Kafkasya’da esir düşen subaylarımızı, Yemen çöllerinde bir kızını, bir oğlunu, karısını kaybeden ve yolluk parası sağlayabilmek için Harput’taki bahçelerini satan subayımızı; Karacasu’dan Galiçyalara giden, gazi olan sonra da babasına aldırdığı atla Karacasu’dan başlayıp Uzunköprü’ye kadar savaşa savaşa giden Gazi Osman Akhan’ı;  yeni bir devlet kurmakla kalmayıp halkına :”Hayatta en hakiki mürşit ilimdir.” diyebilen başkomutanları Gazi Mustafa Kemal Paşa’yı, bugün, 10 Kasım günü çok daha dikkatle düşünüyorum.

Anadolu insanının, Anadolu aydınlarının özellikle 1877-1922 arasındaki 45 yıllık zaman dilimini ne kadar acılı yaşadıklarını Balkanlarda, Kafkaslarda, Yemenlerde, Çanakkalelerde, Dumlupınarlarda yüzbinlerce memleket evladının nasıl yok olduğunu anlamadan, o günlerin aydınlarının da en az bizim kadar vatansever olduklarını kabul etmeden neyi anlayabiliriz ki!

Sonuçsuz, mesnetsiz, bilgisiz, insafsız, öznel tartışmalarla 100 yıl sonra konuşmak ne kadar da kolay, bir düşünsek ya!

Televizyon ekranlarında konuşurken şehitlere, gazilere, Cumhuriyet’i kuranların niyetlerine saygısızlık ediyor muyum diye bir öz kontrol kuramayanlara,

Çağdaş, demokratik bir yönetim kurulmasına benim katkım ne diye öz eleştiri yapamayanlara, bırakın bunları, ben kendim demokrat bir insan mıyım diye soramayanlara ne demeli?

Bu sebeplerle yüzbinlerce şehidimize, gazimize ve onların önderlerine karşı çok insani bir duyguyla kendimi borçlu hissediyorum. Gelecek kuşaklar için çağdaş bir toplum inşasında ben neler yapabilirim diye düşünüyorum.
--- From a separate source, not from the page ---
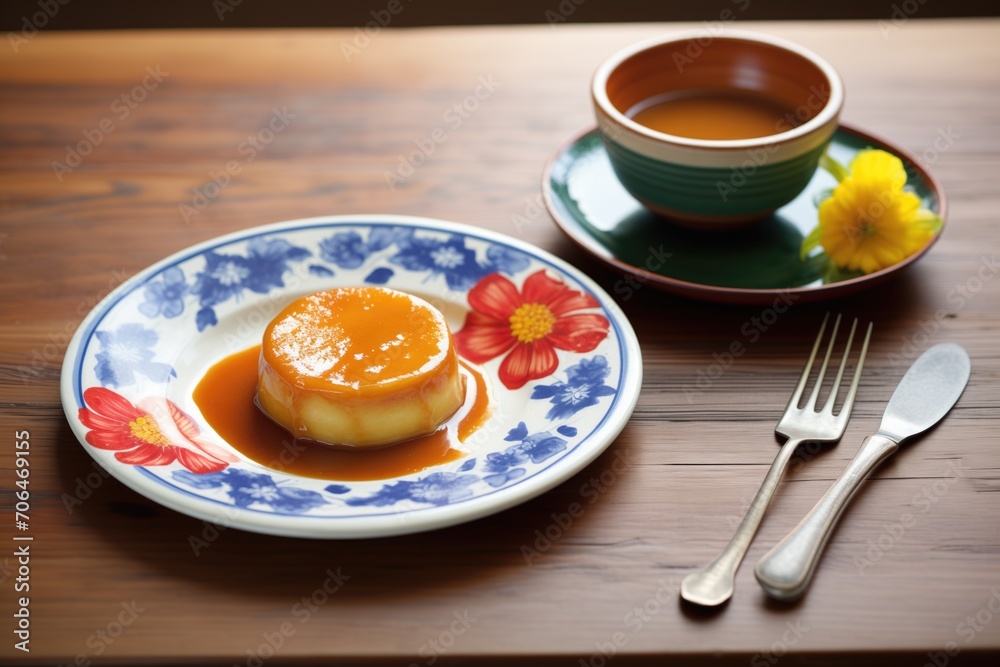 flan with caramel sauce on a white plate, over a dark wood table flan with caramel sauce on a white plate, over a dark wood table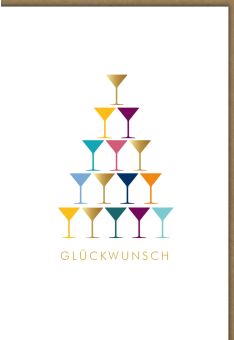 Glückwunschkarte hochwertig 15 Sektgläser Glückwunsch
Bilimde teknikte, ekonomide, argede yarışalım diyorum; çenede değil!

Teşekkür ediyorum bütün cephelerde bizim için şehit düşenlere, bütün bir hayatı bizim için gazi olarak yaşayanlara, geçmişte ve günümüzde yani bütün zamanlarda bu vatana katkı sağlamak için çalışan; gecelerini gündüzlerini feda eden herkese teşekkür ediyorum. Atatürk’ün öncülüğünde yeni devleti demokratik, çağdaş bir Cumhuriyet özlemiyle kuran nesle saygı duyuyorum.    

 

 

Not: Karacasu Diye Diye isimli eserimizden alınmıştır.